### Aim of the exercise
I'd ask you to write out the lines below exactly, with no images.

### Data shown

:::::

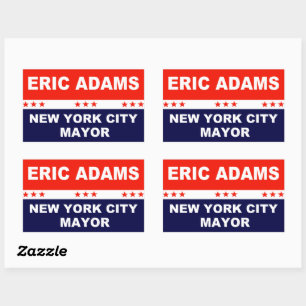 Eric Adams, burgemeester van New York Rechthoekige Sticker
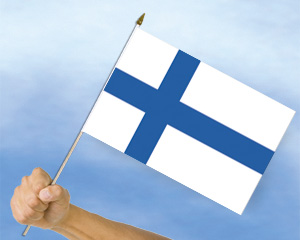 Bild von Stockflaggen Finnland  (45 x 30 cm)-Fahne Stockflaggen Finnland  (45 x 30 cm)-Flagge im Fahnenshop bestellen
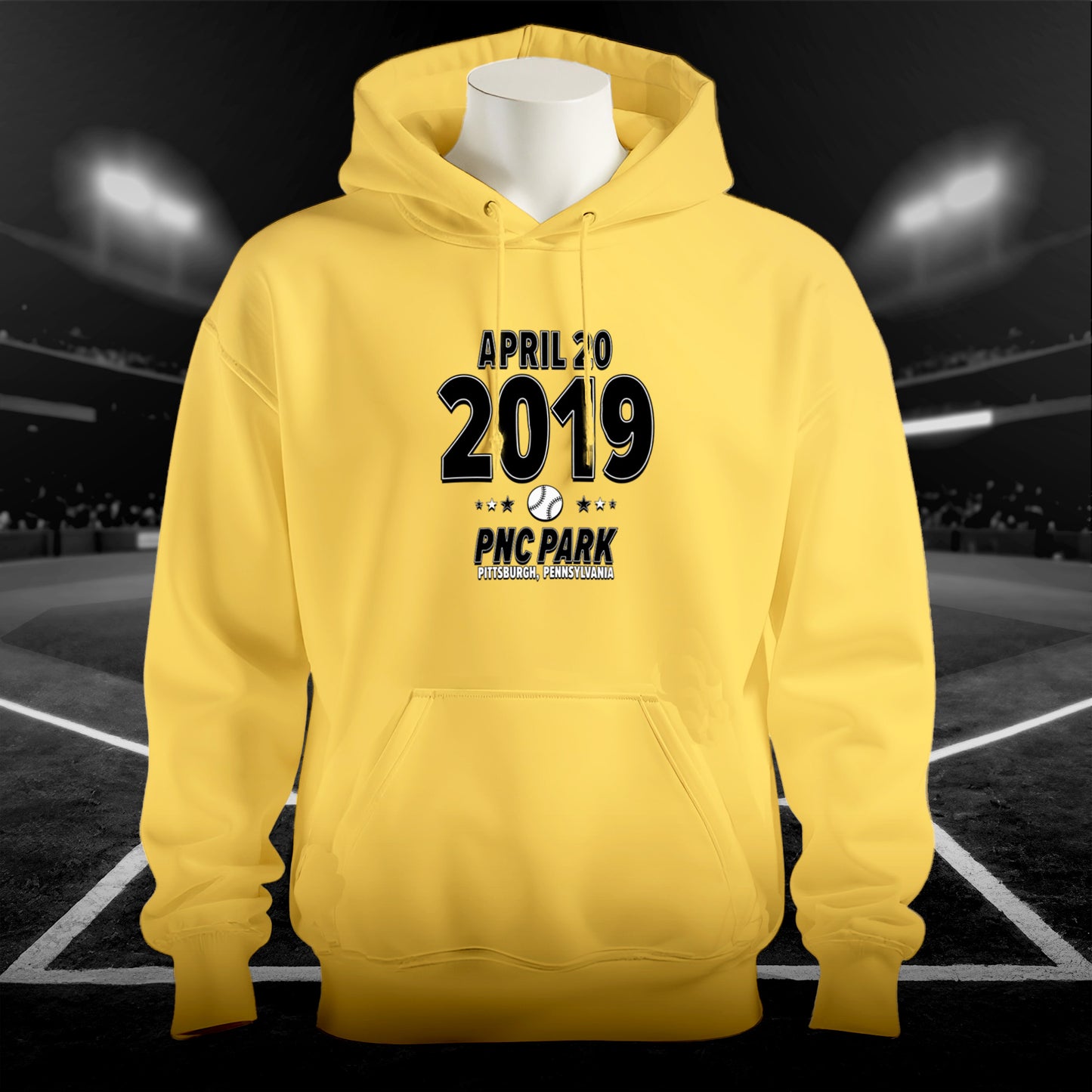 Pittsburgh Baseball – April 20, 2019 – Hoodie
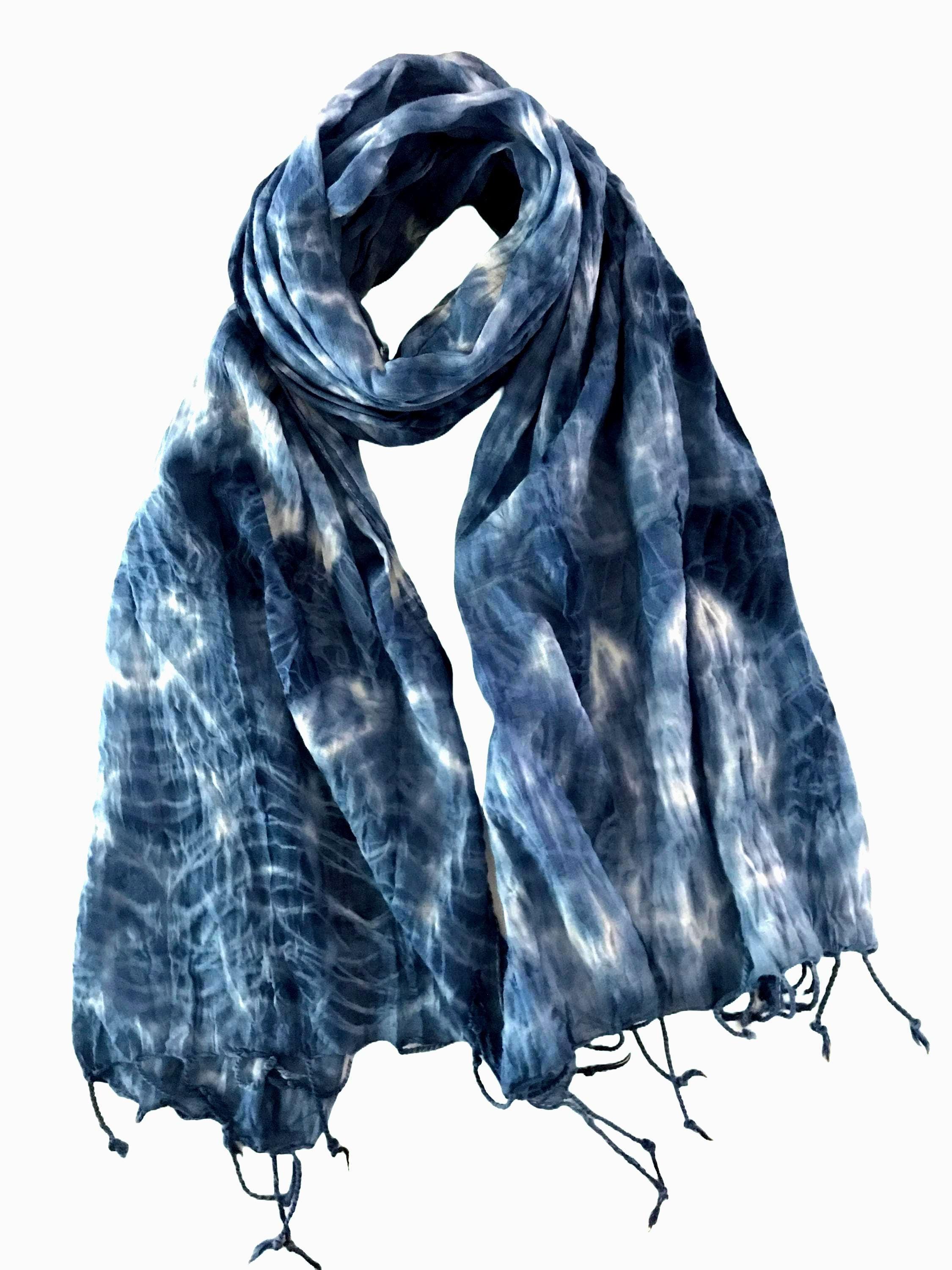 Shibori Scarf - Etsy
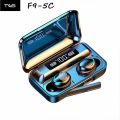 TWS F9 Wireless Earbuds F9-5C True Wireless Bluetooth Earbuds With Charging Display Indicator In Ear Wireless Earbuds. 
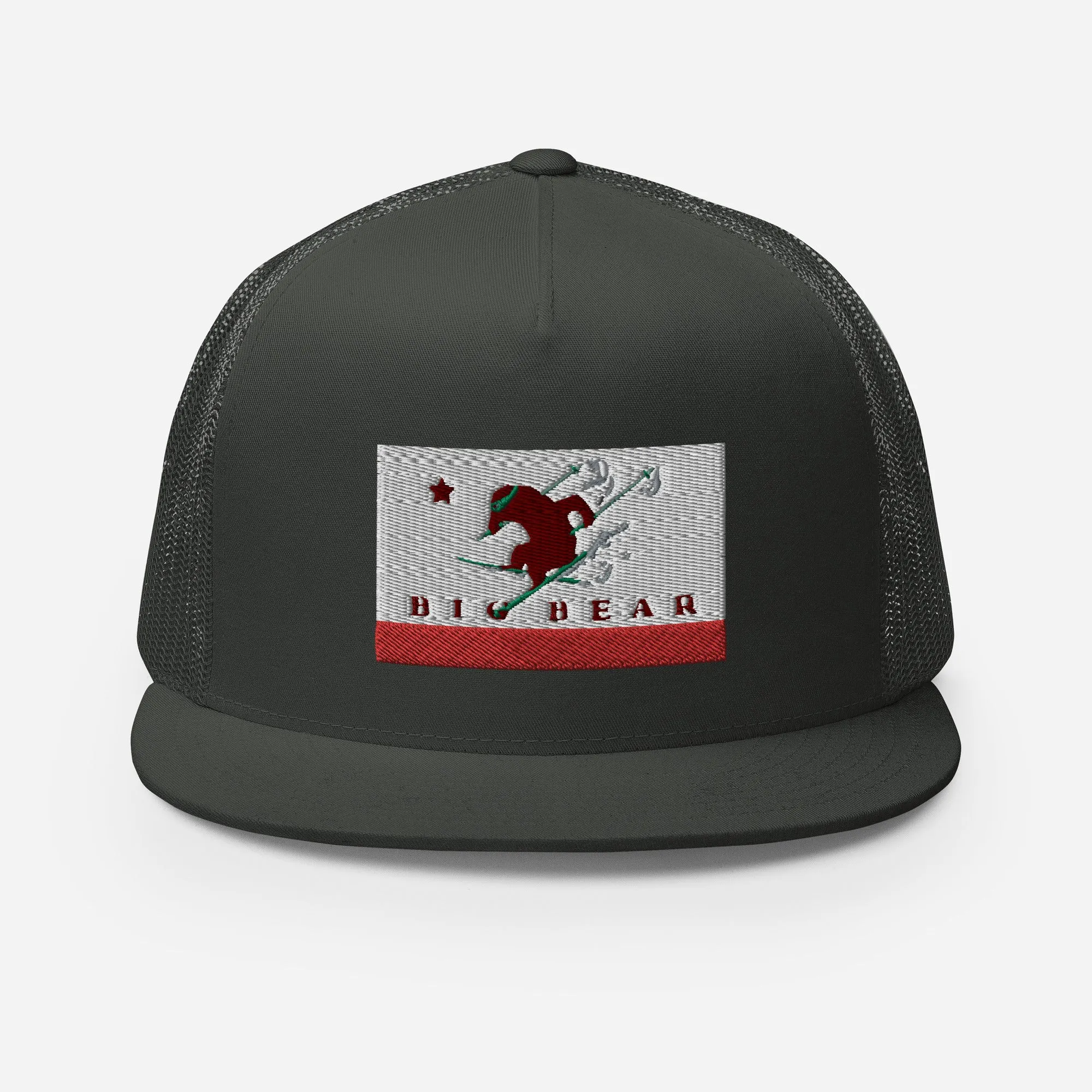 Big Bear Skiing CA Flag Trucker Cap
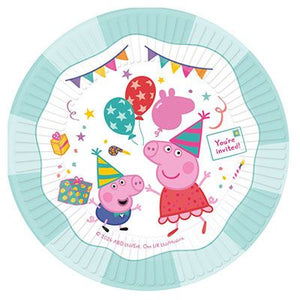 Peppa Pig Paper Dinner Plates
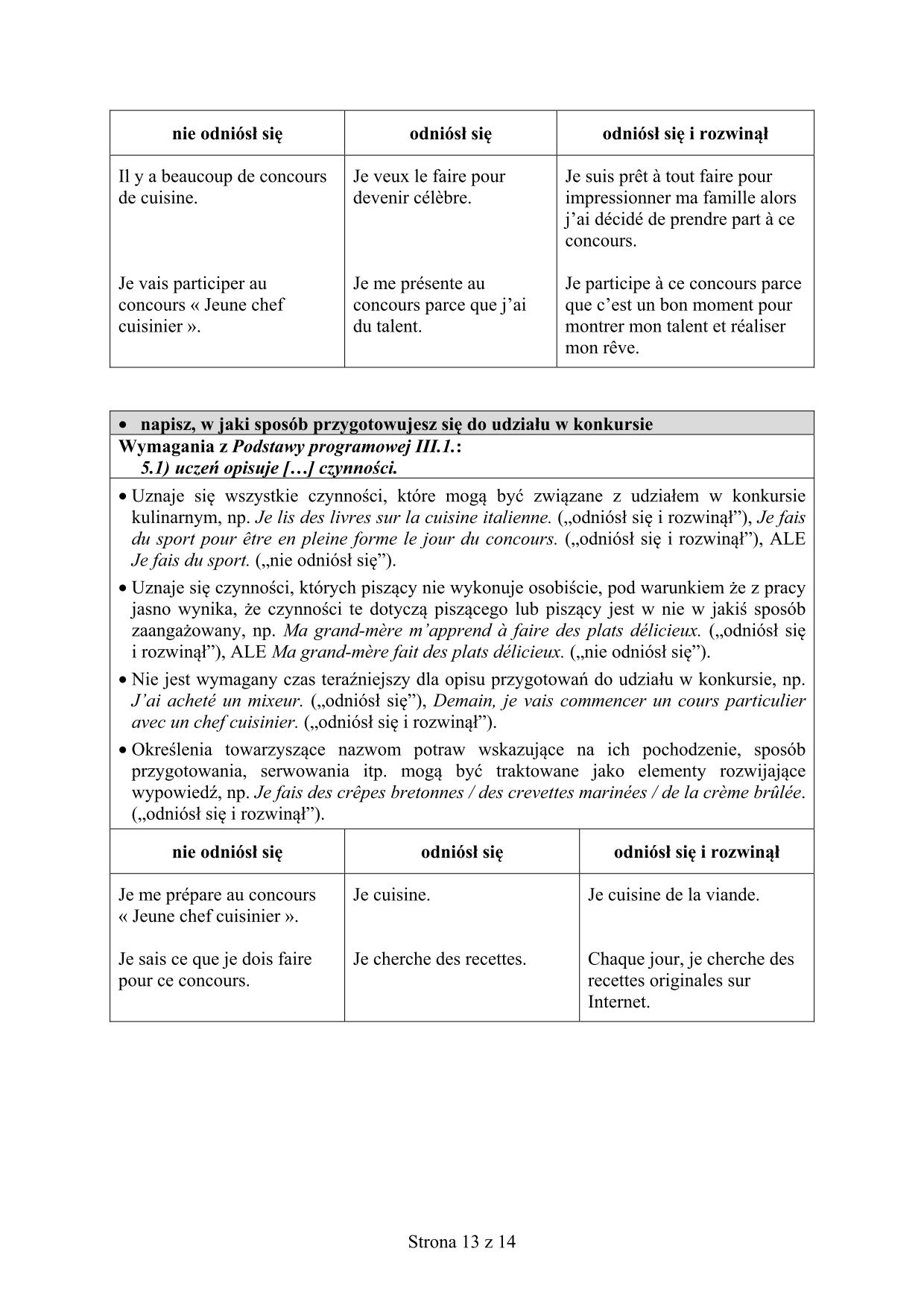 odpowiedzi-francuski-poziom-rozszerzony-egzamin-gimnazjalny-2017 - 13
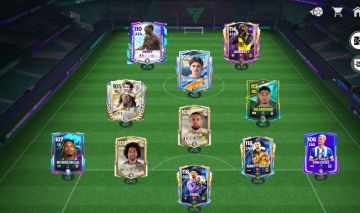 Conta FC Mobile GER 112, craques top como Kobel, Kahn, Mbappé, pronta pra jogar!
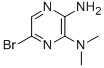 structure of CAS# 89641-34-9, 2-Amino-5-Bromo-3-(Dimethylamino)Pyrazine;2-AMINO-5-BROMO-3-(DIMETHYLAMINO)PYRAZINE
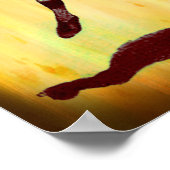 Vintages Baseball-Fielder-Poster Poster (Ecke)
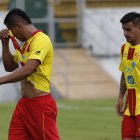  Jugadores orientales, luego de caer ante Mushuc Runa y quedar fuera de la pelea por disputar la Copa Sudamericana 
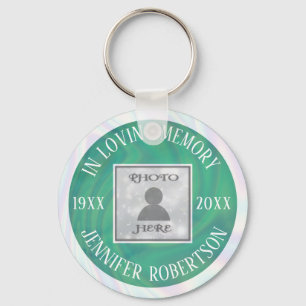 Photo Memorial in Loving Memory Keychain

:::::

### Written reply
 Eric Adams, burgemeester van New York Rechthoekige Sticker
 Bild von Stockflaggen Finnland  (45 x 30 cm)-Fahne Stockflaggen Finnland  (45 x 30 cm)-Flagge im Fahnenshop bestellen
 Pittsburgh Baseball – April 20, 2019 – Hoodie
 Shibori Scarf - Etsy
 TWS F9 Wireless Earbuds F9-5C True Wireless Bluetooth Earbuds With Charging Display Indicator In Ear Wireless Earbuds. 
 Big Bear Skiing CA Flag Trucker Cap
 Peppa Pig Paper Dinner Plates
 odpowiedzi-francuski-poziom-rozszerzony-egzamin-gimnazjalny-2017 - 13
 Conta FC Mobile GER 112, craques top como Kobel, Kahn, Mbappé, pronta pra jogar!
 structure of CAS# 89641-34-9, 2-Amino-5-Bromo-3-(Dimethylamino)Pyrazine;2-AMINO-5-BROMO-3-(DIMETHYLAMINO)PYRAZINE
 Vintages Baseball-Fielder-Poster Poster (Ecke)
  Jugadores orientales, luego de caer ante Mushuc Runa y quedar fuera de la pelea por disputar la Copa Sudamericana 
 Photo Memorial in Loving Memory Keychain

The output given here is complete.